Where an entry contains a picture, skip the picture and write out everything else exactly.

▶ _Data extract_:
/---
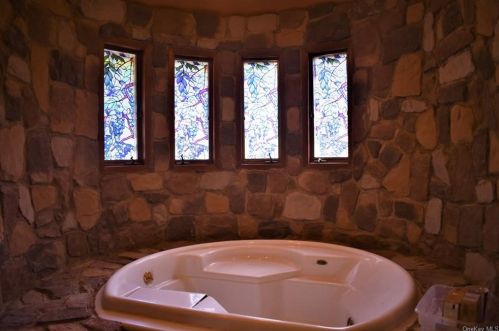 289 Pine Grove Rd, Middletown NY  10940-7587 exterior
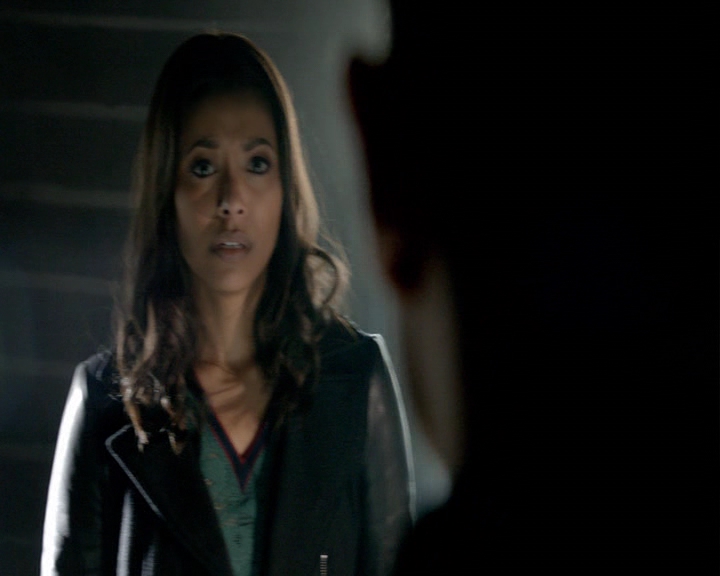 VampireDiaries-dot-nl_VampireDiaries-8x13TheLiesWillCatchUpToYou1419.jpg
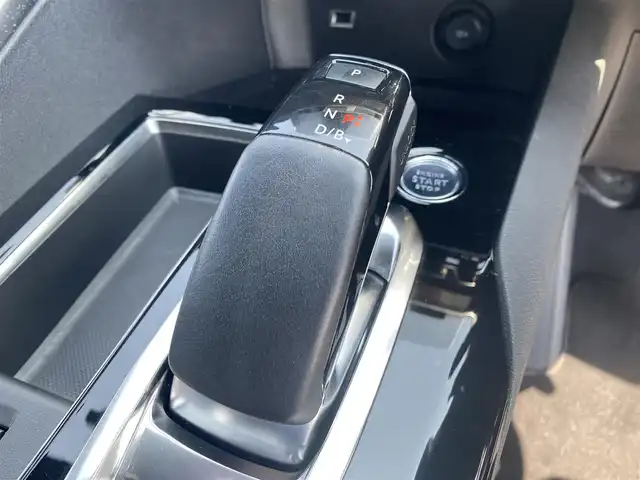 プジョー ３００８ GT ハイブリッド4 福岡県 2021(令3)年 2.2万km 黒 ・アクティブクルーズコントロール/・USB/Bluetooth/AppleCarPlay/・バックカメラ/・ハーフレザーシート/シートヒーター/・社外前後ドライブレコーダー/・フルセグ/・社外ETC/・純正18AW/・プッシュスタート/・スマートキー/・スペアキー/・パワーシート/・レーンキープアシスト/・オートライト/・LEDライト/・置くだけ充電/・保証書/・取扱説明書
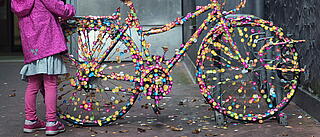 Kind, das Fahrrad mit Stickern beklebt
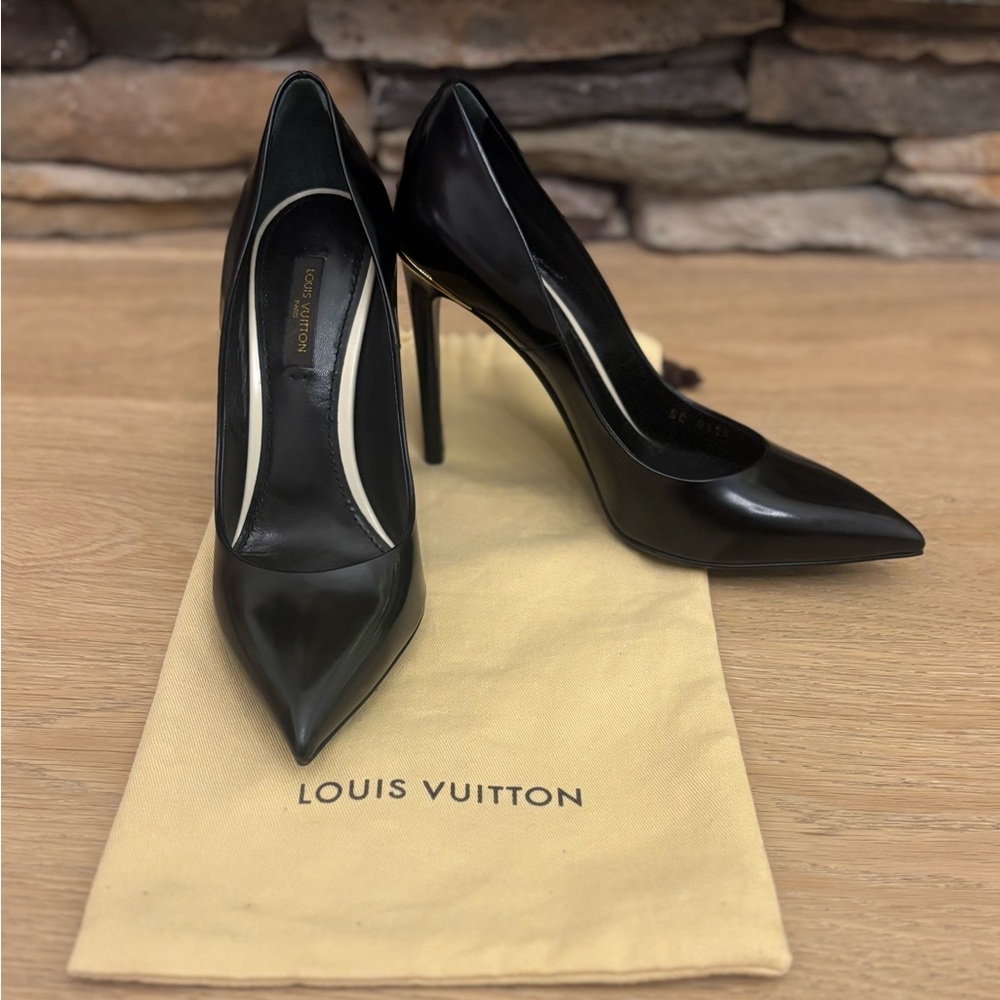 Louis Vuitton Eyeline Pumps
\---
▶ _Task output_:
 289 Pine Grove Rd, Middletown NY  10940-7587 exterior
 VampireDiaries-dot-nl_VampireDiaries-8x13TheLiesWillCatchUpToYou1419.jpg
 プジョー ３００８ GT ハイブリッド4 福岡県 2021(令3)年 2.2万km 黒 ・アクティブクルーズコントロール/・USB/Bluetooth/AppleCarPlay/・バックカメラ/・ハーフレザーシート/シートヒーター/・社外前後ドライブレコーダー/・フルセグ/・社外ETC/・純正18AW/・プッシュスタート/・スマートキー/・スペアキー/・パワーシート/・レーンキープアシスト/・オートライト/・LEDライト/・置くだけ充電/・保証書/・取扱説明書
 Kind, das Fahrrad mit Stickern beklebt
 Louis Vuitton Eyeline Pumps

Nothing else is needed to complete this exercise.